■ **Provided data**
★ ★ ★ ★ ★ ★ ★
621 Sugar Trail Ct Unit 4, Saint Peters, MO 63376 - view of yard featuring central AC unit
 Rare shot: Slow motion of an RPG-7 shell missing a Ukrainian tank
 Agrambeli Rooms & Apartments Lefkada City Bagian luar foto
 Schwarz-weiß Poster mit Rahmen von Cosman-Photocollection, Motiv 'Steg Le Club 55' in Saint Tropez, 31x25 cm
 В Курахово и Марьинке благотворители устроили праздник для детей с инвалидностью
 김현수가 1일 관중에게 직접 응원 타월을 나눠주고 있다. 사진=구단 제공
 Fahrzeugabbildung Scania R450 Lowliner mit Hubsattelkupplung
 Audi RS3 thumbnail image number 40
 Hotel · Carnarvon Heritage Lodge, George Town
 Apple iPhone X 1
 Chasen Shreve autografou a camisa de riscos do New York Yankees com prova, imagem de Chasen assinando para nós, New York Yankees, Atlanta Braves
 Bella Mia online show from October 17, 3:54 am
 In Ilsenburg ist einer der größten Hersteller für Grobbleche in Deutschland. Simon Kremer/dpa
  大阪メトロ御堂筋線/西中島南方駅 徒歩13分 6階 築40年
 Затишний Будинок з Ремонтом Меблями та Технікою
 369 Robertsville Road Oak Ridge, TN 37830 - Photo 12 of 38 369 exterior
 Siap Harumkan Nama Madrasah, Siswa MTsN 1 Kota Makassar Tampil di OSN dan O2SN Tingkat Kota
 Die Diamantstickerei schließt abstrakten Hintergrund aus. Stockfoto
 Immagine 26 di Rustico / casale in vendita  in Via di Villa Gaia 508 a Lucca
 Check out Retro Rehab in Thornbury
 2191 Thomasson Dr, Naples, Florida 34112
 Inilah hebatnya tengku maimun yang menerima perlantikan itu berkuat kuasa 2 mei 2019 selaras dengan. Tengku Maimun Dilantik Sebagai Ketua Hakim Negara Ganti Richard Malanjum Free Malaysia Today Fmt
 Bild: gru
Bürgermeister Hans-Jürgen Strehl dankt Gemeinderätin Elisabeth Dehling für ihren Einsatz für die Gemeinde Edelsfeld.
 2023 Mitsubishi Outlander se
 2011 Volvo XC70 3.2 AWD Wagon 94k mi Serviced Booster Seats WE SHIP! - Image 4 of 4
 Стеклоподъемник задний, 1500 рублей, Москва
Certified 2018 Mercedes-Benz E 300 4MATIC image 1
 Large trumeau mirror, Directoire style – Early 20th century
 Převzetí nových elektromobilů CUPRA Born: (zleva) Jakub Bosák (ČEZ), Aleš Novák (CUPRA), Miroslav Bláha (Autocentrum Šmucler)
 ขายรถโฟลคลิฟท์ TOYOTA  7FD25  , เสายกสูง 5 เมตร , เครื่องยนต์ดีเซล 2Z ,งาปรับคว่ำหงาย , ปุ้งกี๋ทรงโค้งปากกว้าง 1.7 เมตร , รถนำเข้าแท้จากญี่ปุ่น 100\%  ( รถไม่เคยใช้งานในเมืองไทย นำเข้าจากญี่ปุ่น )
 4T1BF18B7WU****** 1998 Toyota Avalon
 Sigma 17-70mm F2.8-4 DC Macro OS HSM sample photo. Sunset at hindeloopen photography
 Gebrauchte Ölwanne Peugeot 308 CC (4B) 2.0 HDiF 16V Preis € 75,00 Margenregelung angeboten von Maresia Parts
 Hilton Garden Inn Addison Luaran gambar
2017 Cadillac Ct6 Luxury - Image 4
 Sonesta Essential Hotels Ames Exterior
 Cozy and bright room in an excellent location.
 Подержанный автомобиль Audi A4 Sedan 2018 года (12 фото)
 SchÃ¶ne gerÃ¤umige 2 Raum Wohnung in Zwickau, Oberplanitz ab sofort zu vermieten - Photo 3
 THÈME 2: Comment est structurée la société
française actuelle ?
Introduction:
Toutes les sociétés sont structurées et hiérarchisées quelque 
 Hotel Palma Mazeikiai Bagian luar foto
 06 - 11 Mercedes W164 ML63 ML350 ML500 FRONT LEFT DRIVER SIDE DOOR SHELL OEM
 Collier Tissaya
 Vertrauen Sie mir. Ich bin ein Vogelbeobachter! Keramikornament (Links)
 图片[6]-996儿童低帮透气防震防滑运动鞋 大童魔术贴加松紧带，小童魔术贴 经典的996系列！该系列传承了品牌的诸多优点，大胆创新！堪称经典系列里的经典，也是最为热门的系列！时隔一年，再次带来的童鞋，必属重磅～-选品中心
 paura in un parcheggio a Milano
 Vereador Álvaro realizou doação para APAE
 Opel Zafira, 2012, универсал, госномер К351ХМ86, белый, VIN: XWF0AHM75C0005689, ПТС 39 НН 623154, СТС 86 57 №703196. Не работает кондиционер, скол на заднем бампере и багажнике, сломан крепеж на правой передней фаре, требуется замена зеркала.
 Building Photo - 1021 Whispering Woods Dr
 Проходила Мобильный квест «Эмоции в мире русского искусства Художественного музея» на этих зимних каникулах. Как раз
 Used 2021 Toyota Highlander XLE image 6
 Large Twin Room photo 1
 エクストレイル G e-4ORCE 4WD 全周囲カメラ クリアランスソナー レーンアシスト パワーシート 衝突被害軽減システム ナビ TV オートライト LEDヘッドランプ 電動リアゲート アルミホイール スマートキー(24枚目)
★ ★ ★ ★ ★ ★ ★
■ **Exercise**
The range runs from the line with "2191 Thomasson Dr, Naples, Florida 34112" up to and including the line with "Vereador Álvaro realizou doação para APAE" in the listing above; please write out exactly those lines and nothing more.

■ **Result**
 2191 Thomasson Dr, Naples, Florida 34112
 Inilah hebatnya tengku maimun yang menerima perlantikan itu berkuat kuasa 2 mei 2019 selaras dengan. Tengku Maimun Dilantik Sebagai Ketua Hakim Negara Ganti Richard Malanjum Free Malaysia Today Fmt
 Bild: gru
Bürgermeister Hans-Jürgen Strehl dankt Gemeinderätin Elisabeth Dehling für ihren Einsatz für die Gemeinde Edelsfeld.
 2023 Mitsubishi Outlander se
 2011 Volvo XC70 3.2 AWD Wagon 94k mi Serviced Booster Seats WE SHIP! - Image 4 of 4
 Стеклоподъемник задний, 1500 рублей, Москва
Certified 2018 Mercedes-Benz E 300 4MATIC image 1
 Large trumeau mirror, Directoire style – Early 20th century
 Převzetí nových elektromobilů CUPRA Born: (zleva) Jakub Bosák (ČEZ), Aleš Novák (CUPRA), Miroslav Bláha (Autocentrum Šmucler)
 ขายรถโฟลคลิฟท์ TOYOTA  7FD25  , เสายกสูง 5 เมตร , เครื่องยนต์ดีเซล 2Z ,งาปรับคว่ำหงาย , ปุ้งกี๋ทรงโค้งปากกว้าง 1.7 เมตร , รถนำเข้าแท้จากญี่ปุ่น 100\%  ( รถไม่เคยใช้งานในเมืองไทย นำเข้าจากญี่ปุ่น )
 4T1BF18B7WU****** 1998 Toyota Avalon
 Sigma 17-70mm F2.8-4 DC Macro OS HSM sample photo. Sunset at hindeloopen photography
 Gebrauchte Ölwanne Peugeot 308 CC (4B) 2.0 HDiF 16V Preis € 75,00 Margenregelung angeboten von Maresia Parts
 Hilton Garden Inn Addison Luaran gambar
2017 Cadillac Ct6 Luxury - Image 4
 Sonesta Essential Hotels Ames Exterior
 Cozy and bright room in an excellent location.
 Подержанный автомобиль Audi A4 Sedan 2018 года (12 фото)
 SchÃ¶ne gerÃ¤umige 2 Raum Wohnung in Zwickau, Oberplanitz ab sofort zu vermieten - Photo 3
 THÈME 2: Comment est structurée la société
française actuelle ?
Introduction:
Toutes les sociétés sont structurées et hiérarchisées quelque 
 Hotel Palma Mazeikiai Bagian luar foto
 06 - 11 Mercedes W164 ML63 ML350 ML500 FRONT LEFT DRIVER SIDE DOOR SHELL OEM
 Collier Tissaya
 Vertrauen Sie mir. Ich bin ein Vogelbeobachter! Keramikornament (Links)
 图片[6]-996儿童低帮透气防震防滑运动鞋 大童魔术贴加松紧带，小童魔术贴 经典的996系列！该系列传承了品牌的诸多优点，大胆创新！堪称经典系列里的经典，也是最为热门的系列！时隔一年，再次带来的童鞋，必属重磅～-选品中心
 paura in un parcheggio a Milano
 Vereador Álvaro realizou doação para APAE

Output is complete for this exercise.